Perciò la pratica di movimento  si trasforma in progetti coreografici, collaborazioni con altri artisti, progetti performativi : 

nel 2009 forma il collettivo Rutsch e con altre tre danzatrici-architetti realizza per l'evento fiorentino Private Flat \ arte contemporanea in spazi privati Performance Site Specific N.uno, Performance Site Specific N.due maggiore di uno, Performance Site Specific N.tre maggiore di uno; nel 2012 insieme a Mosè Risaliti realizza il duetto Chi cade di testa si alza in piedi; nel 2013 per e con l'architetto Melissa Giacchi collabora all'istallazione museale  Operari - lavoro di forme;  nel 2014 come aiuto coreografa di Simona Bertozzi all'interno del progetto Vita Nova per la Biennale di Venezia partecipa alla creazione di Guardare ad Altezza d'Erbanel 2014 inizia il suo primo solo coreografico  che debutterà a Buenos Aires\Argentina nel 2015 e in Italia nel 2016 Retiro (progetto che nel 2017 vince il primo premio come migliore coreografia e interpretazione del Presente Futuro Festival); nel 2015 per Performing Santa Caterina crea il solo Cuore Matto, nel 2016

per il  PAV parco arte vivente Torino realizza nel Jardin Mandala di Gilles Clement  la performance site specific in.col.to ; nel 2016 realizza il solo decalage-cadute di stile, uno spettacolo sonoro con musica dal vivo composta da Marco Momi e suonata dal sassofonista David Brutti;   nel 2017-2018 crea Una crepa, Nostalgia dell'oro  coinvolgendo nel  lavoro il contrabbassista Matteo Bortone e la danzatrice Elisa D'Amico; dal 2017 collabora come drammaturga del movimento con la compagnia di prosa Baglioni\Bellani lavorando a Mio padre non è ancora nato e Sempre Verdedal 2018 collabora come danzatrice alla realizzazione dei videoclip della cantautrice Larthia ; nel 2019 propone una performance site specific per il laboratorio di fotografia di scena, all'interno del festival Teatri di Vetro, tenuto da Futura Tittaferrante; sempre nel 2019  per Short Theatre - Shawala tiene con il musicista Steve Pepe un laboratorio tra danza e musica;  ad oggi sta lavorando al nuovo solo coreografico Superstite  progetto 2019-2020. 

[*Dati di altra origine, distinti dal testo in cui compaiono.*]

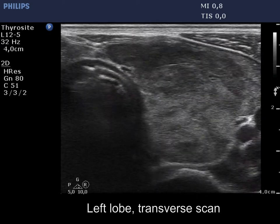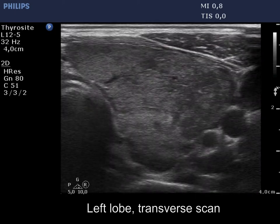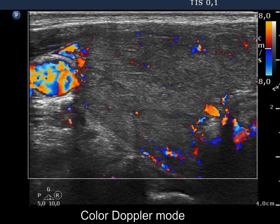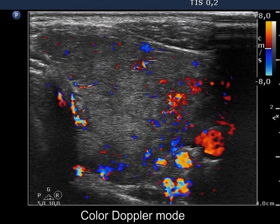The echogenicity index is around 50% in the left lobe. The vascularity is decreased in the right lobe, while average in the left lobe.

I lavori sono stati presentati presso festival ed istituzioni come Performati Altri, Centro per l’Arte Contemporanea Luigi Pecci, Terni Festival, Dance Moves Cities, Movin'Up, Performing Santa Caterina, Teatrum Botanicum Emerging Talents, Lavaderia a Vapore, Teatro Libero Palermo, BeFestival, Nexus Factory,  Novara Jazz Festival, Genius Loci , Festival Asti Teatro, Young Jazz Festival, Kilowatt Tutto L'anno.